# Tuning a diffusion model

In this notebook, you will be training a tiny diffusion model, track the training process with MLflow, and tune the hyperparameters using Ray Tune.

## A lightning tour of diffusion models.

Surely, you have heard of diffusion models. It's the architecture behind DALL-E, Stable Diffusion and many others.
Here we are going to look at a particular class of diffusion models, Denoising Diffusion Probabilistic Models (DDPM).

DDPMs aim to generate high-quality samples from a given distribution, typically modeled as an image distribution. These models are based on the idea of denoising a sequence of noisy samples to reach the target distribution. Let's break down the mathematical explanation of DDPM.

1. **Foward Diffusion Process:**
   DDPM introduces a diffusion process to model the generation of samples. It assumes that the data $x$ evolves over a series of steps from an easily generated distribution to the target distribution. This process is defined by a sequence of transformations:

   $$ x_0 \sim p(x_0) $$
   $$ x_t = \sqrt{1 - \beta_t} \cdot x_{t-1} + \sqrt{\beta_t} \cdot \epsilon_t $$

   Here, $x_0$ is sampled from an easily generated distribution (e.g., a Gaussian distribution), and $\epsilon_t$ is sampled from a fixed distribution (e.g., Gaussian). The parameter $\beta_t$ controls the step size of the diffusion process.

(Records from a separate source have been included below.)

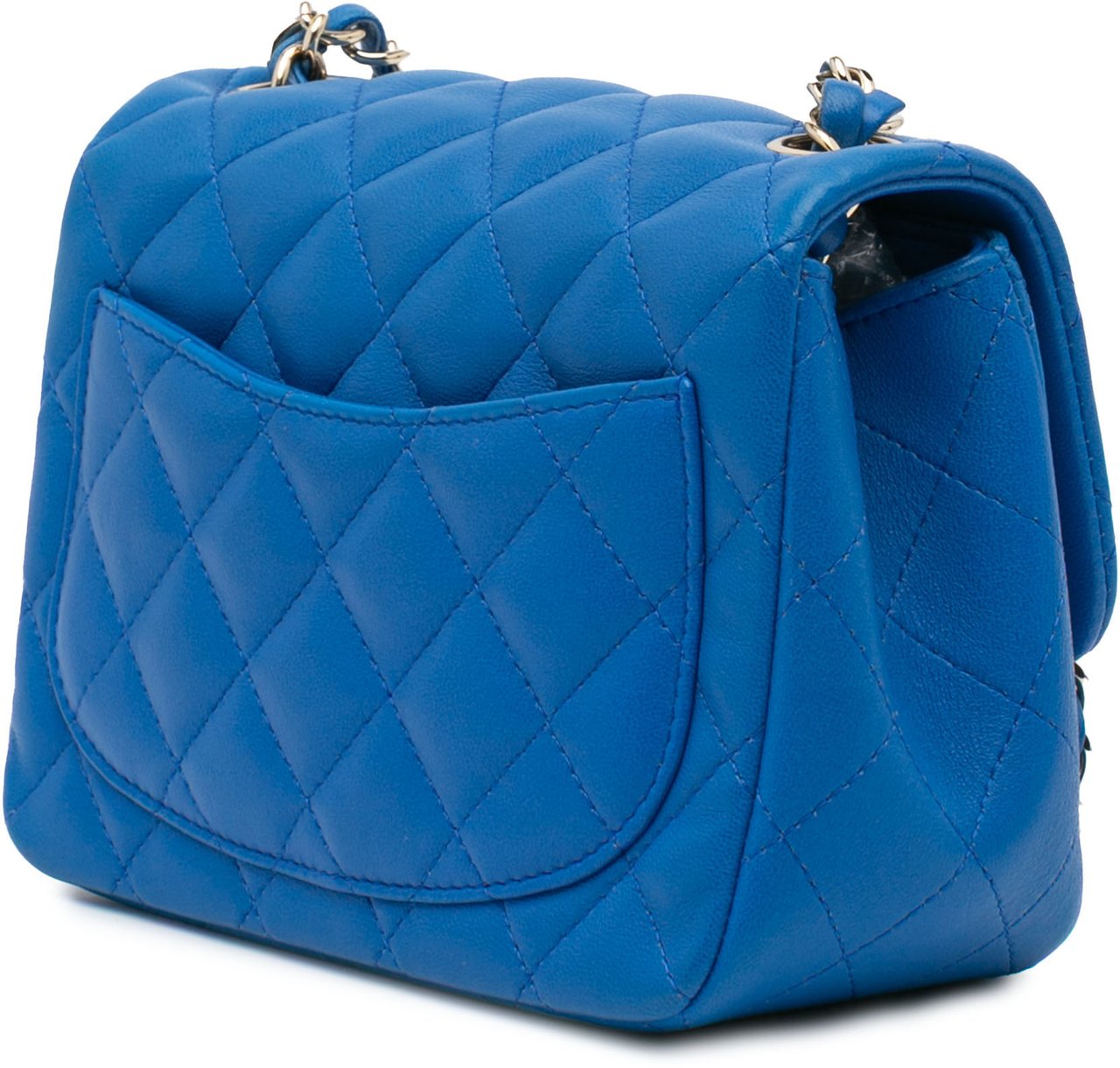 Chanel Mini Square Classic Lambskin Single Flap Blauw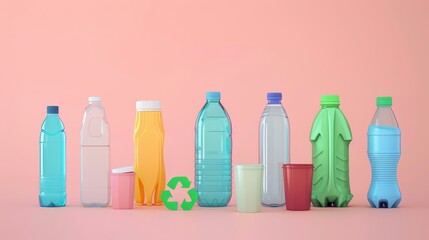 Recyclable plastic types in a flat design, front view, and 3D render with pastel colors. Great for waste reduction and eco-friendly themes
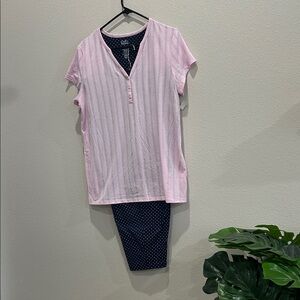 Pink Striped Short Sleeve Top and Polka Dot Capri Set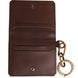Dolce & Gabbana Brown Leather Logo Embossed Key Chain Card Holder Wallet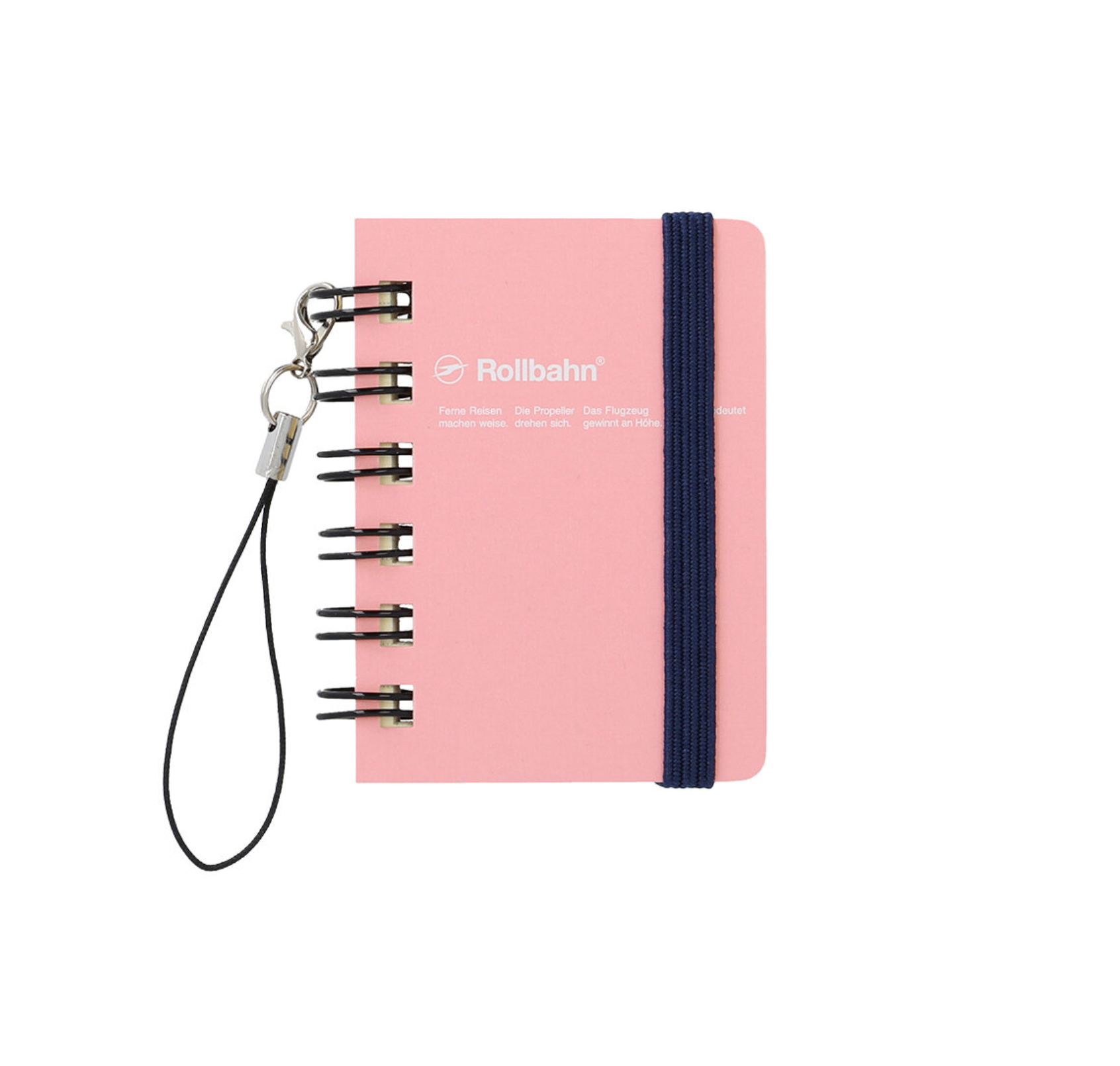 Rollbahn Spiral Notebook – 'Micro' Light Pink Charm Keychain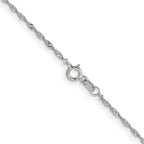 14K White Gold 1.10mm Singapore with Spring Ring Clasp Anklet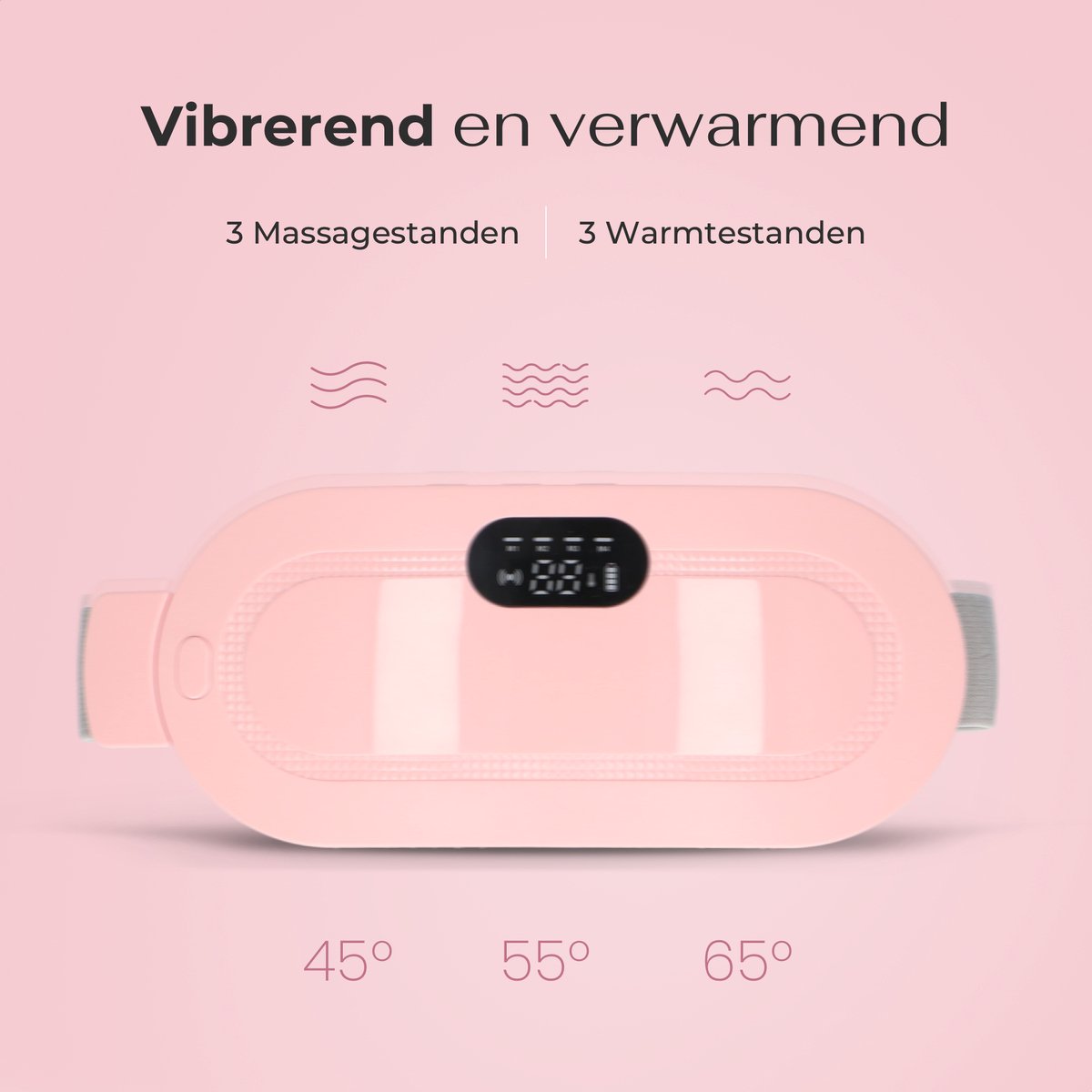 Afbeelding 3 van Care Deluxe Menstruatie Warmteband - Massage Apparaat - Menstruatie Pijnverlichting - 3 Warmtestanden met Trilfunctie - Roze
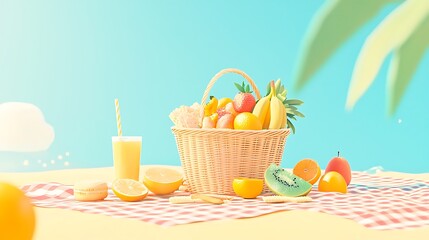 Summer Picnic Basket with Tropical Fruits Juice and Macarons on Beach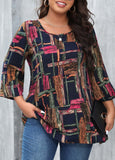 Round Neck Plus Size Printed 3/4 Sleeve T Shirt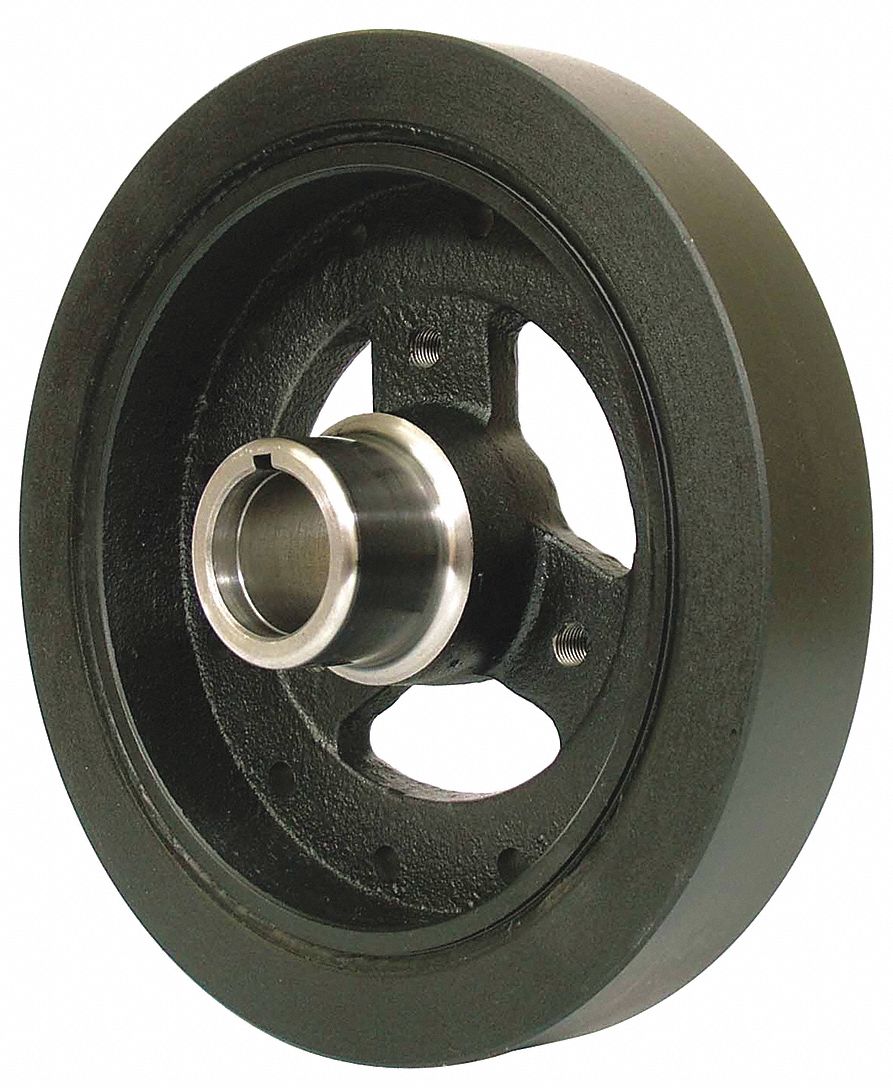 HARMONIC BALANCER, NEUTRAL, 7.99 IN OUTSIDE DIA/1.25 IN BORE DIA/2.34 IN W, BLK, RUBBER/IRON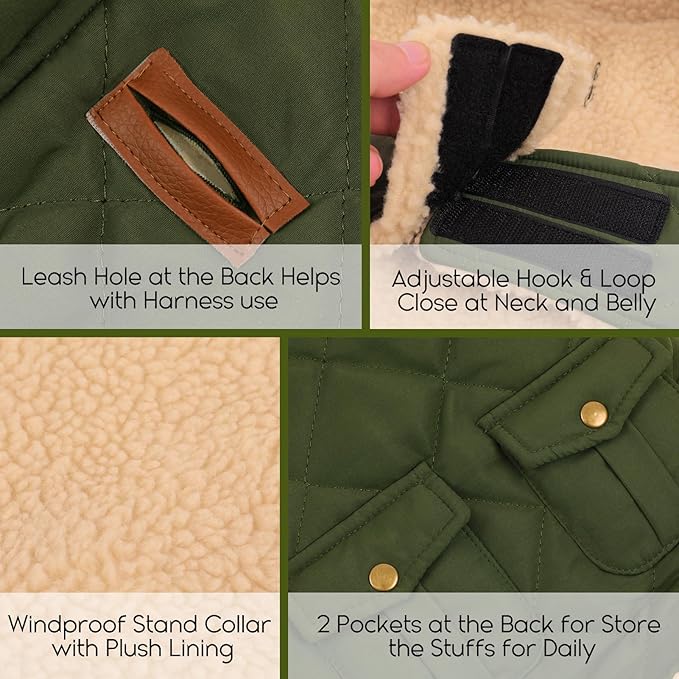 ASENKU Warm Dog Winter Coat, Waterproof Dog Coat for Cold Weather, Fleece Dogs Jacket with Ultra Thick Plush Lining Leash Hole Storage Pockets for Large Dogs (Green, Large)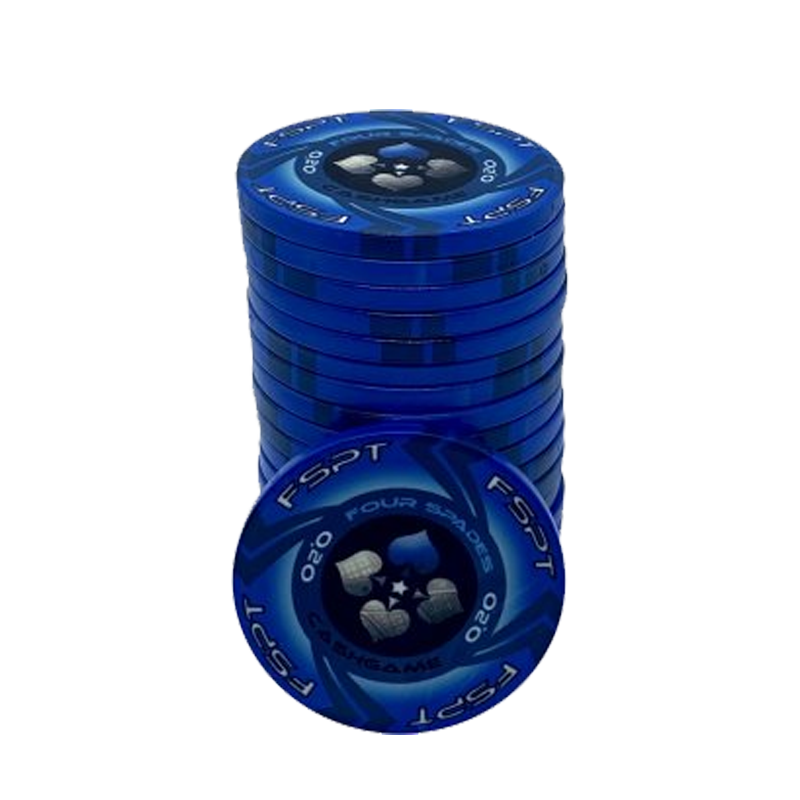 pokerchip stack fiches claysmith FSPT cash game 0.20 dark blue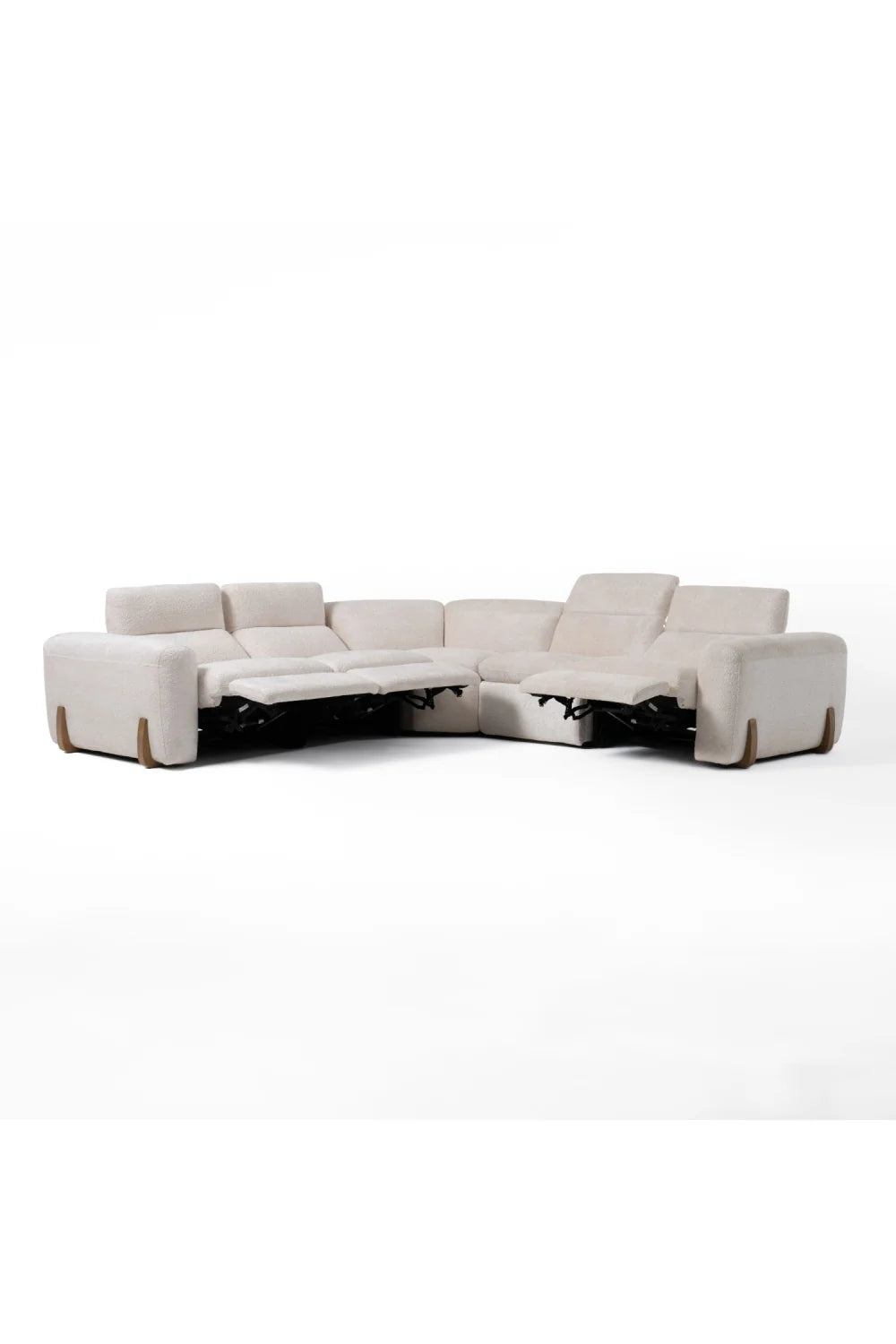 Luxury Beige Fabric Sectional Recliner Modern Italian Style for Villa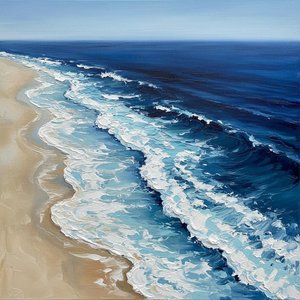Rhythmic Tides In Navy And Sand: A Sculptural Study Of Oceanic Serenity — Christian Noiret, Contemporary Abstract Painting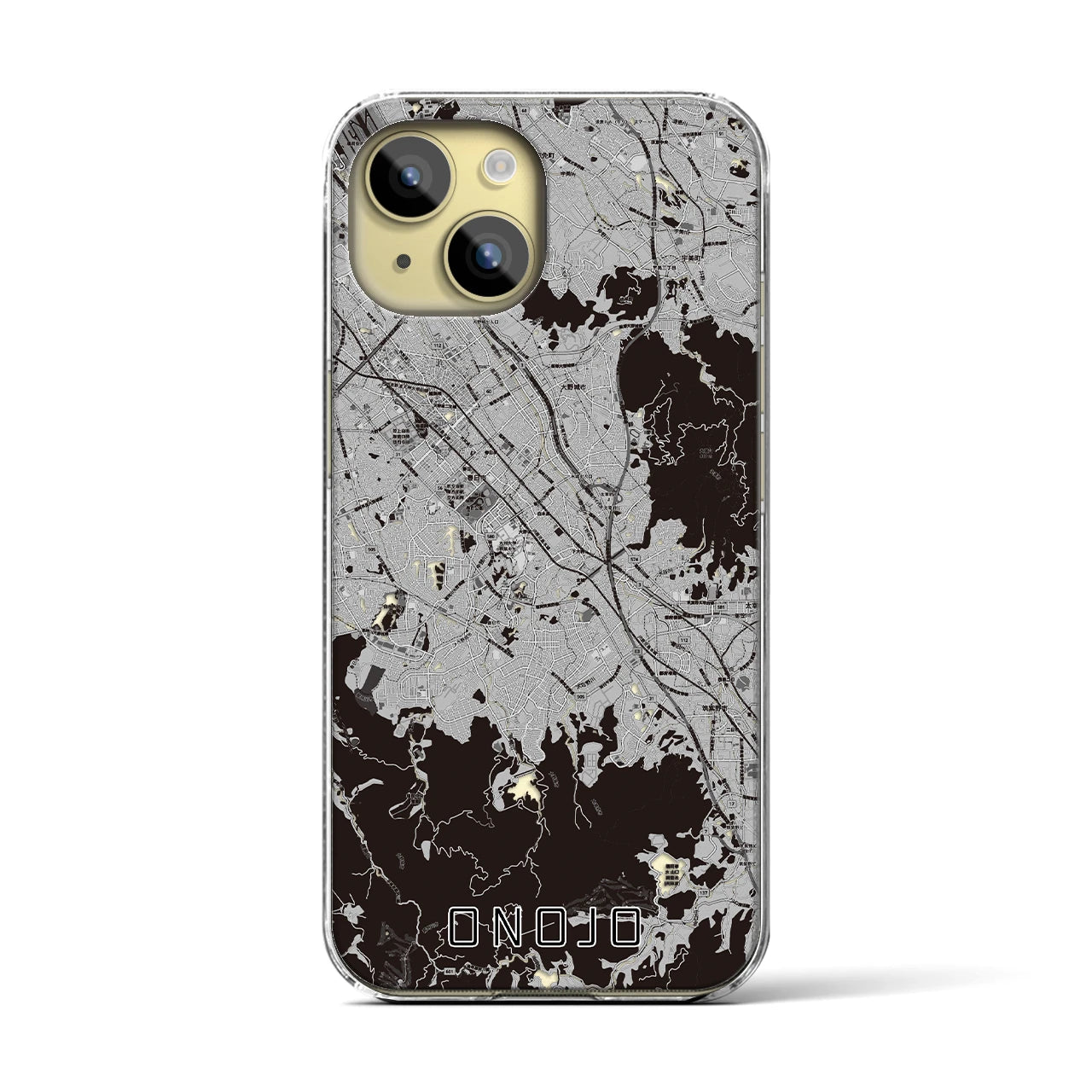 【大野城(福岡県)】地図柄iPhoneケース(クリアタイプ)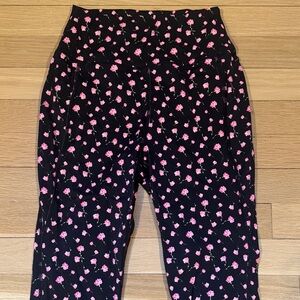 LoveShackFancy Floral Black and Pink Leggings size small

2. **Reverse Diffusion Process:**
   At each step of the diffusion process, a noise-corrupted version of the data is obtained. The model is then trained to denoise this corrupted sample and estimate the conditional distribution $p_{\theta}(x_t | x_{t-1})$. The denoising process is typically modeled using a neural network.

   $$ p_{\theta}(x_t | x_{t-1}) = \mathcal{N}\left(x_t; \mu_{\theta}(x_{t-1}), \Sigma_{\theta}(x_{t-1})\right) $$

   Here, $\mu_{\theta}$ and $\Sigma_{\theta}$ are functions parameterized by the neural network, which outputs the mean and standard deviation of the conditional distribution.

3. **Training Procedure:**
   During training, we corrupt input samples and train the model to de-noise the inputs again.

4. **Sampling:**
   Once the model is trained, sampling from the model involves running the diffusion process forward and denoising at each step to generate high-quality samples.

In summary, DDPM combines the diffusion process with a denoising neural network to model complex distributions. The training involves optimizing the model parameters to denoise corrupted samples and generate samples from the target distribution. For an in-depth explanation, we recommend Lilian Weng's blog post ["What are Diffusion Models?"](https://lilianweng.github.io/posts/2021-07-11-diffusion-models/) and the huggingface blog post ["The Annotated Diffusion Model"](https://huggingface.co/blog/annotated-diffusion).

To train a DDPM, we need two components: a noise scheduler (that adds & removes noise) and a (denoising) model.

### Noise Scheduler

DPPMs feature a forward and a backward diffusion process. The noise scheduler implements the steps for both processes, you can find its implementation in the next cell. 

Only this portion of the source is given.